Jednym z naszych psiaków jest sunia, owczarek niemiecki.
(...) Sunia, którą (nomen omen) Magią nazwaliśmy. :)
Magia bardzo lubi podróżować. Ale nie koleją, jak jaki pies. Autem, proszę Pana. Na tylnym siedzeniu ma wyszykowane tzw. “korytko” z szelkami, w które jest ubierana dla bezpieczeństwa swojego i naszego. Tak przynajmniej, z tymi szelkami, na początku bywało. Teraz, przestało być koniecznym, bo… No właśnie! No to przechodzę do opowieści zasadniczej…
Wczesna wiosna. Pogoda piękna, szosa sucha. Jedziemy w odwiedziny do mojej drugiej Mamy, Teściową zwanej. W zasadzie czasownik “jedziemy” za eufemizm może tu robić. Pędzimy! – to chyba lepsze określenie.
Magia śpi w swoim korytku smacznie pochrapując, jak zwykle zresztą. W pewnym momencie budzi się i zaczyna “świrować”. Skamle, szczeka, na głowę mojego małżonka, który za kierowcę robił, wleźć usiłuje. Nie dajemy rady żeby ją uspokoić. Wszystko dzieje się bardzo szybko. Mąż zwalnia, bardzo zwalnia… Sekundę, może dwie, później z podporządkowanej wyjeżdża TIR...
Hmm, jakby to powiedzieć... Gdyby nie Magia już od paru lat do Bram Niebieskich byśmy kołatali.
Wtedy jednak kompletnie nie wiązaliśmy zachowania naszej suni magicznej z tym wydarzeniem. Dotarło to do nas dopiero, gdy powtórka się zdarzyła. A potem jeszcze jedna…
Na życzenie Pana Jareckiego wklejam.
Jednym z naszych psiaków jest sunia, owczarek niemiecki.
(...) Sunia, którą (nomen omen) Magią nazwaliśmy. :)
Magia bardzo lubi podróżować. Ale nie koleją, jak jaki pies. Autem, proszę Pana.
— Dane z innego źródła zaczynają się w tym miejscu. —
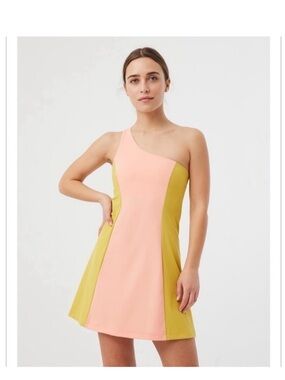 Outdoor Voices  One Shoulder Dress Workout Athlete green pink Sz XS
Na tylnym siedzeniu ma wyszykowane tzw. “korytko” z szelkami, w które jest ubierana dla bezpieczeństwa swojego i naszego. Tak przynajmniej, z tymi szelkami, na początku bywało. Teraz, przestało być koniecznym, bo… No właśnie! No to przechodzę do opowieści zasadniczej…
Wczesna wiosna. Pogoda piękna, szosa sucha. Jedziemy w odwiedziny do mojej drugiej Mamy, Teściową zwanej. W zasadzie czasownik “jedziemy” za eufemizm może tu robić. Pędzimy! – to chyba lepsze określenie.
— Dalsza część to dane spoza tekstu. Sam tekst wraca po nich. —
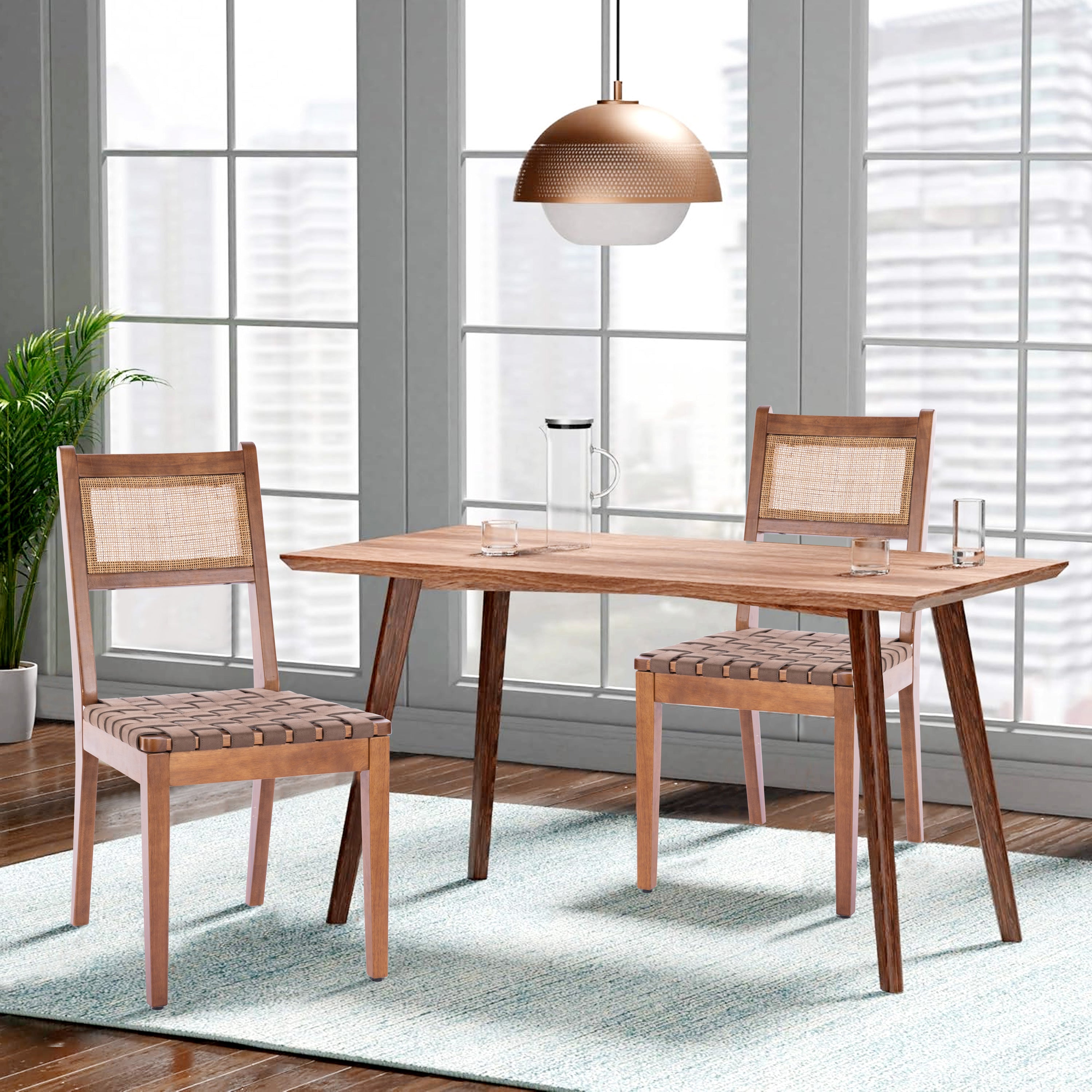 Rattan Leather Woven Strips Kitchen Dining chair set of 2 - Best Buy Furniture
Magia śpi w swoim korytku smacznie pochrapując, jak zwykle zresztą. W pewnym momencie budzi się i zaczyna “świrować”. Skamle, szczeka, na głowę mojego małżonka, który za kierowcę robił, wleźć usiłuje. Nie dajemy rady żeby ją uspokoić. Wszystko dzieje się bardzo szybko. Mąż zwalnia, bardzo zwalnia… Sekundę, może dwie, później z podporządkowanej wyjeżdża TIR...
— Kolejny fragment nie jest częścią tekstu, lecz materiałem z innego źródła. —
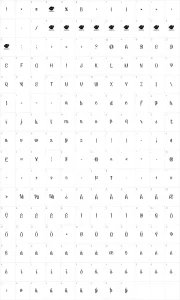Mapa de caracteres da fonte Caneletter Script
Hmm, jakby to powiedzieć... Gdyby nie Magia już od paru lat do Bram Niebieskich byśmy kołatali.
Wtedy jednak kompletnie nie wiązaliśmy zachowania naszej suni magicznej z tym wydarzeniem. Dotarło to do nas dopiero, gdy powtórka się zdarzyła. A potem jeszcze jedna…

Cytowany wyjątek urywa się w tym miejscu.